### What you are asked to do
Transcribe the listing below in full, exactly, with no images.
(Information shown Opens)
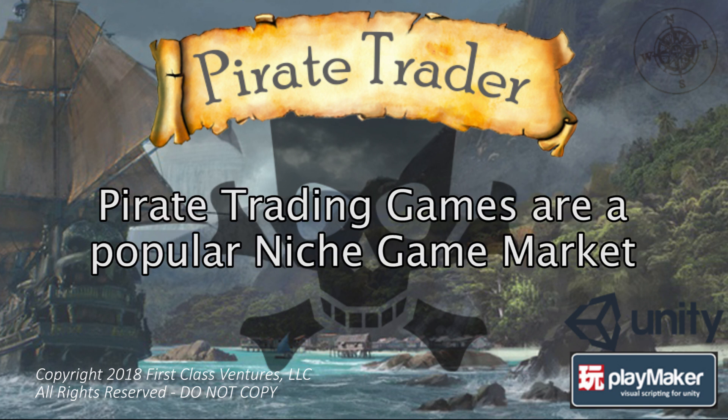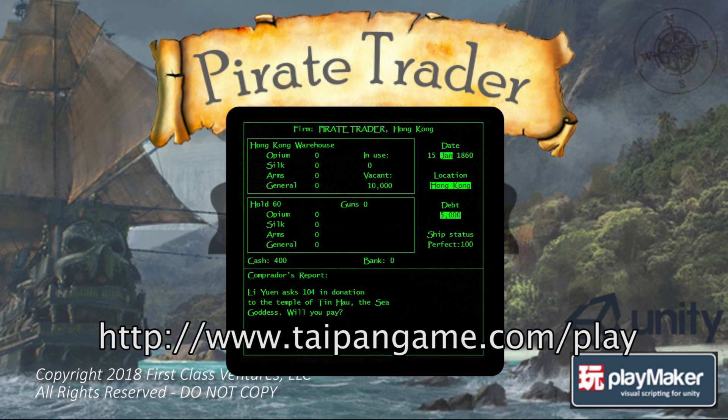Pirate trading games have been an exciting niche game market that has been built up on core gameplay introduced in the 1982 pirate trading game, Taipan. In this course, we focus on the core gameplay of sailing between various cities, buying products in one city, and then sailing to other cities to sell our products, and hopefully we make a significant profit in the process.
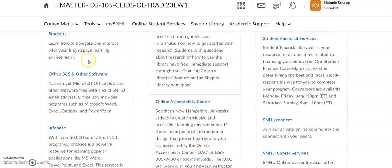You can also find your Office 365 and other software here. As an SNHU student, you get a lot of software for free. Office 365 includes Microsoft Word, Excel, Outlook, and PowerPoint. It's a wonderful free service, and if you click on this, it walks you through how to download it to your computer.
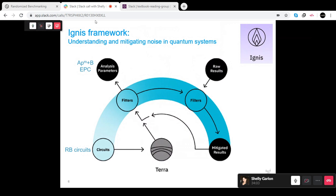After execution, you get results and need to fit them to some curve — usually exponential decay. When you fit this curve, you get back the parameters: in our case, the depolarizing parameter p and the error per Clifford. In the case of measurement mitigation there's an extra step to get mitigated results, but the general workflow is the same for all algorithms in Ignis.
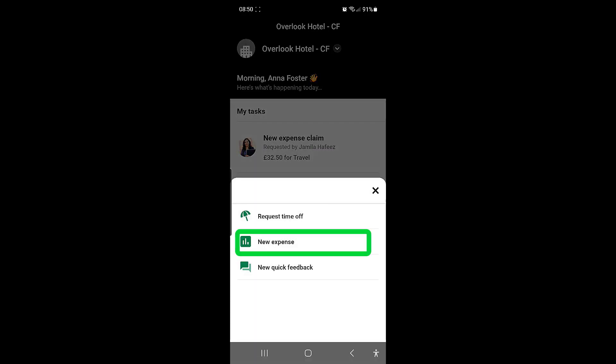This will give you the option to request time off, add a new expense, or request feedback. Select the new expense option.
(Information shown Closes)
### Written response
Pirate trading games have been an exciting niche game market that has been built up on core gameplay introduced in the 1982 pirate trading game, Taipan. In this course, we focus on the core gameplay of sailing between various cities, buying products in one city, and then sailing to other cities to sell our products, and hopefully we make a significant profit in the process.
You can also find your Office 365 and other software here. As an SNHU student, you get a lot of software for free. Office 365 includes Microsoft Word, Excel, Outlook, and PowerPoint. It's a wonderful free service, and if you click on this, it walks you through how to download it to your computer.
After execution, you get results and need to fit them to some curve — usually exponential decay. When you fit this curve, you get back the parameters: in our case, the depolarizing parameter p and the error per Clifford. In the case of measurement mitigation there's an extra step to get mitigated results, but the general workflow is the same for all algorithms in Ignis.
This will give you the option to request time off, add a new expense, or request feedback. Select the new expense option.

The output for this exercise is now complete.